Да, у философии, скорее всего, нет истории, но есть судьба: породив науку и религию, она находится с ними в самых драматических отношениях — от инцеста до суицида.
Судьба философии трагична именно в моменты ее восторга, торжества и апогея. Вся пошлость университетского филистерства в Германии и по времени и по личностям пала на золотой век германской философии Канта, Гегеля, Фихте и Шопенгауэра. Вся пошлость революционного французского пафоса совпала с именами Вольтера, Сартра и Камю. Русский культурный декаданс, называемый ныне Серебряным веком — это колыбель отечественной философии.

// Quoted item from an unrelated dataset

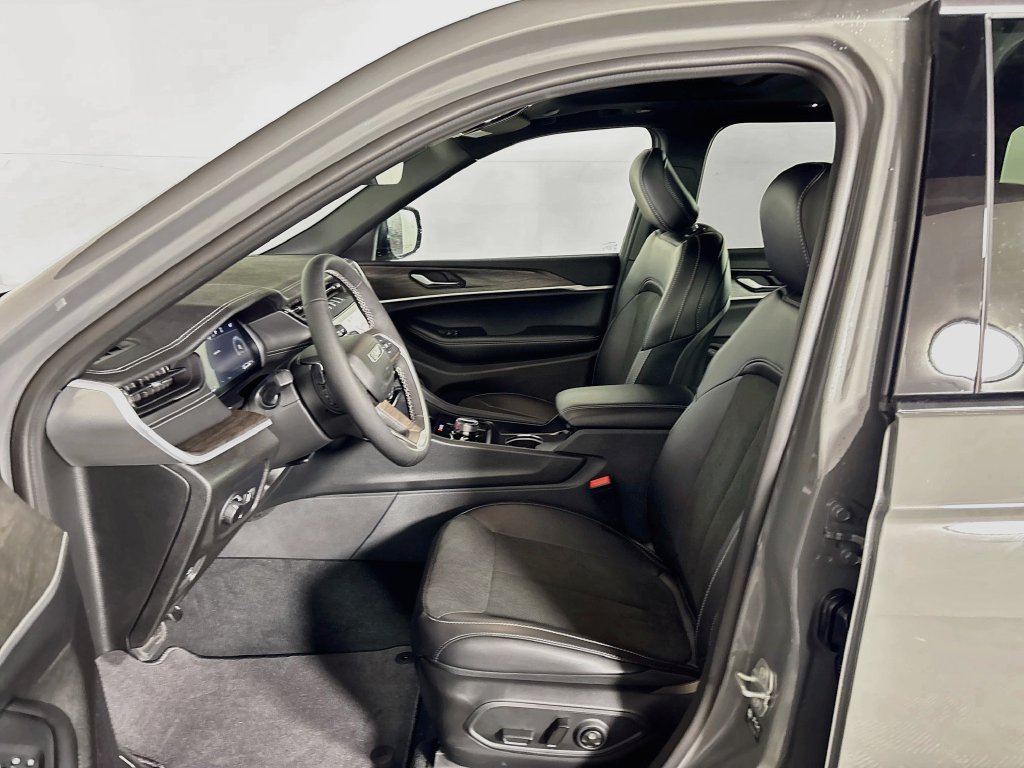 New 2027 Jeep Grand Cherokee Altitude AWD/4WD image 11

Философия, в отличие от истории, ничему не учит, уроков не преподает, ни по каким спиралям не развивается, циклов (Кондратьева, Чижевского...) не имеет, как это неоднократно, беспрерывно и бесполезно происходит с историей и в истории.
Но именно внеисторичность философии позволяет философам спокойно гулять по временам, проникать в суть настоящего, прошлого и будущего, вплоть до потрясающих деталей, как это сделал в середине ХХ века Иван Ильин, как спокойно смотрели в глубины будущего Платон и Аристотель, апостол Иоанн, Экклезиаст и библейские пророки.

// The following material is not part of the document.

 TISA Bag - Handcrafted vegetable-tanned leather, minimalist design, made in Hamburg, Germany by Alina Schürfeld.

У философии нет и географии — она локализуется в уединениях.
Это, вообще говоря, происходит от предназначения философии и человека: «человек — существо, обязанное доказывать свое присутствие в мире своими размышлениями» (Мартин Хайдеггер). И потому и философия, и мы сами — явления случайные: мы никому не нужны и даже мешаем своим присутствием всему остальному миру по той простой причине, что без нас он был бы просто невозможен, если следовать сильному антропному принципу космогенеза. Всеобщая, вселенская, космическая необходимость в нас делает нас неуместными в деталях и каждой конкретной ситуации.
Случай в философии — статистически достоверная невероятность встречи с разумом, попадания в сферу мышления. Событие (со-бытие) — наличие при этом случае свидетеля, до такой же степени случайного (читателя или слушателя), как и мыслитель.

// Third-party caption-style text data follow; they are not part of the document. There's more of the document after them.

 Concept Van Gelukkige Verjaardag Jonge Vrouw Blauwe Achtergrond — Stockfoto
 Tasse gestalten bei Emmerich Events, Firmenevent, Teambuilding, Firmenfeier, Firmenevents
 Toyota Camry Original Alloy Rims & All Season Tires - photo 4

Философский дискурс четко распадается на устный и письменный. Сократ так ни одной своей мысли и не записал и вошел в историю мыслителем. То, что записали за ним Платон и Ксенофонт, по-видимому, не имеет ничего общего со сказанным им: устная речь, особенно философская, строится по совершенно другим грамматическим и логическим законам, чем письменная. Те, кто слышал живую речь Пятигорского и Щедровицкого и восхищались ею, потом с горечью и недоумением признавались (у кого, конечно, хватало духу и совести): в письменном виде впечатление совершенно не то.
И наоборот: с лекций Гегеля студенты сбегали при первой же безнаказанной возможности, Аристотель отличался крайним косноязычием, а слушать Лефевра приходится с огромным напряжением терпения. Все трое отличаются необыкновенно убедительной письменной речью.
Вокруг коммуницирующих философов формируются школы: Академия, Ликей, Стоя, Французская Школа — со шлейфом и кортежем учеников, конкордансом идей и мнений. Эзоп, Кьеркегор, Ницше и другие философы-отшельники так и остались камнями, скалами, глыбами, вершинами, незамутненными ничьим посторонним присутствием.
Это различие возникает из двух принципиально различных способов философствования: одни начинают философствовать, вступая в коммуникацию, как правило, не требующую столпотворения (неважно, будет ли эта коммуникация проходить полулежа, как в «Пире» Платона, или стоя вокруг Пестрой Стои и в непрерывном хождении Аристотеля и перипатетиков), но достаточно интимную и уединенную. Другие впадают в одиночество, столь глухое, что весь окружающий мир становится условной декорацией современного театра, необязательной и ненужной.
Если в первом случае коммуникация порождает мышление, то во втором мышление — коммуникацию. Но и тот, и другой вид философствования — от избытка себя: богат не тот, кто много имеет, а тот, кто много тратит, кто возделывает и отдает данный ему талант. Философ — не тот, кто много думает или знает, а тот, кто выкладывает свое богатство, не думая, не заботясь и не печалясь о пользователях, пользе, мзде и ценах. Потому что истинная мысль порождает другую мысль, и если по поводу мысли не возникает другой, значит, это вовсе и не мысль, а тугая дума.
Принадлежность к той или иной философской школе обнаруживается нами обычно неожиданно: мы не ищем учителей, но вдруг обнаруживаем необыкновенное единство и родство, мгновенное и радостное понимание читаемого философа. Строй мысли, мировоззрение, стиль или тема размышления могут оказаться настолько привлекательными, что мы признаем за скромным или великим авторитетом право быть нашим Учителем, а себя причисляем к его ученикам. Хорошо, когда таких учителей много, но и один учитель — не беда.